Thursday, March 3, 2011

Right and True

I've got a serious question! What is right? What is true? I have no idea what the answer to that is. I notice that I usually get on here when I'm either on a lively high or feeling low and I apologize for the range of emotions that I provide for the blogger world. I'm not exactly sure where to start because my life is like a full on rollercoaster that just never stops it's one thing one moment and another thing the next. I'm at work right now and a patient that just left almost made me cry. How did he do that? Well he started of with slight teasing about how I should know what I'm doing by now. I work at a Chiropractic Clinic by the way and if you know how the lingo goes then here is what happened:

He was sitting in a chair ready to be hooked up for stim so I already had the leeds ready to be used. I went into the hydroculator to get two heat packs. One for the cervical area and one for the lumbar. I grabbed two towels to put them under the heat packs so that he wouldn't burn to death[which right now I wouldn't mind] because I care for people. When I was about to put the towel on him, Dr.T corrected me about how I should put the towel on him. So I fixed it and the dumbass decides to say, "You've been working here for months now, right? You should know what you're doing by now." And I for one am one hell of an understanding person but I don't tolerate rude people so it took all that was in me to not say anything at all. After that the stim machine beeped so I had to go get it and I started with the one on the opposite side but it was the wrong side. ooopsss! He laughed out loud about where my mind is and I wish I could've told him, "It's soooo far away because I'm imaging ways that I could torture you right now you idiotic ignorant bastard." But he's a patient so I couldn't exactly say that.

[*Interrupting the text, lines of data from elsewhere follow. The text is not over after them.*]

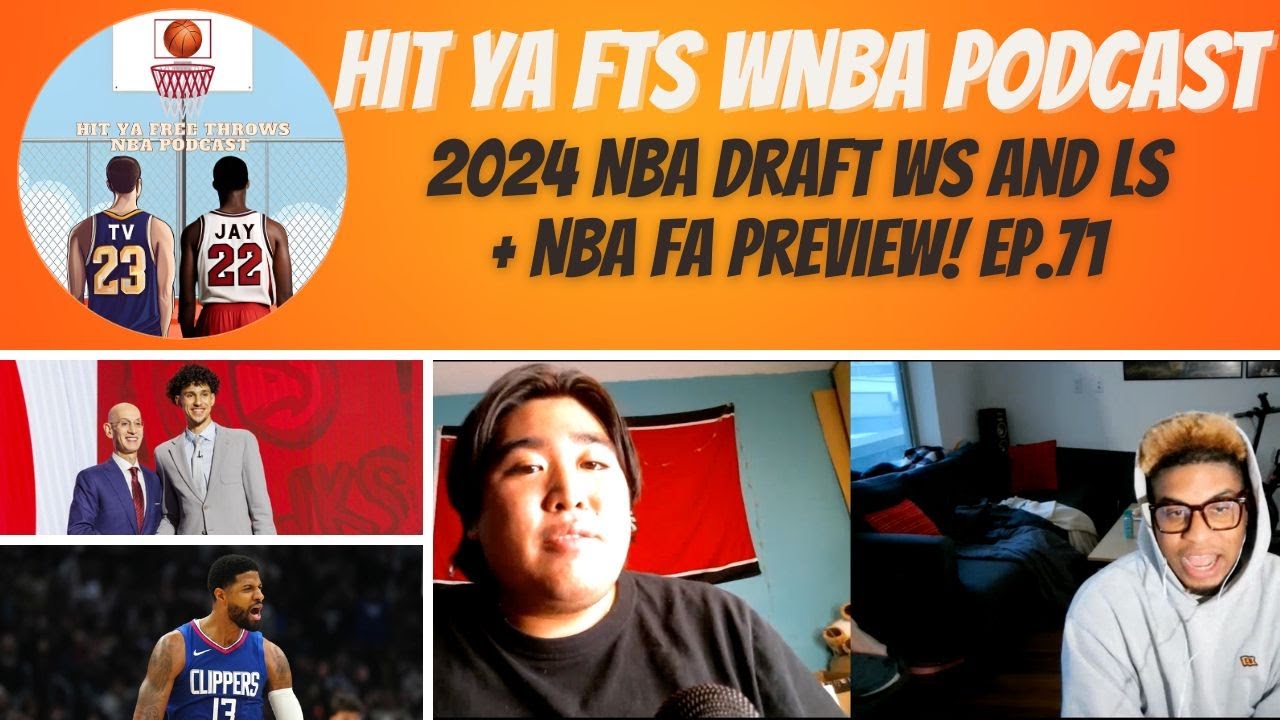 Hit Ya Free Throws Podcast 2024 NBA Draft WInners and Losers + Free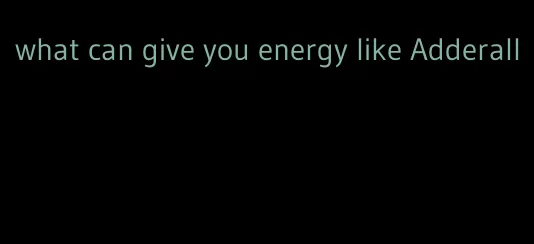 what can give you energy like Adderall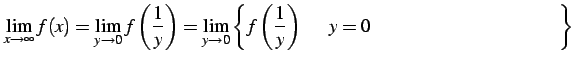 $\displaystyle \lim_{x\to\infty}f(x)= \lim_{y\to0}f\left(\frac{1}{y}\right)= \li...
...eft\{\text{$f\left(\frac{1}{y}\right)$\  $y=0$\ ޤΥƥ顼}\right\}$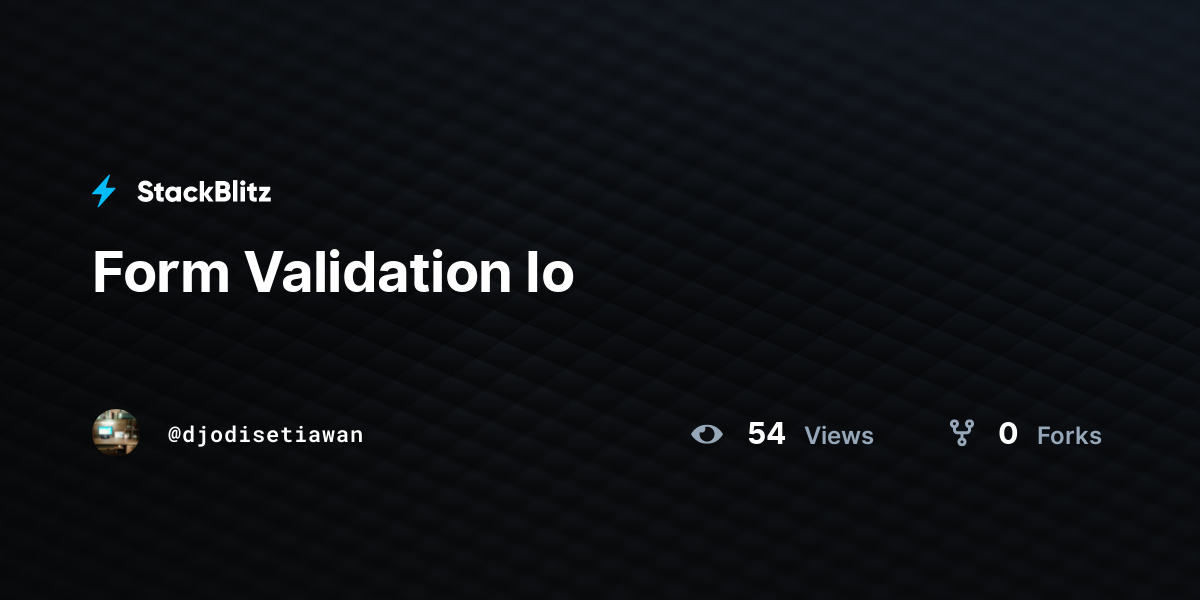 Form Validation Io - StackBlitz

And that's how I'm doing today. UGHHH!!! Almost cried and almost killed. I like the second better:/ I ask what is right, because it's not right to just criticize people you don't know so it sucks for him that whenever he comes in I'm gonna have it in for him. Sweet Revenge:) I know we have to turn the other cheek, blah, blah, blah but yeah I'm gonna be devilish for a bit and enjoy the torture that I can bring. And that isn't right, but hey shit happens, right? RIGHT!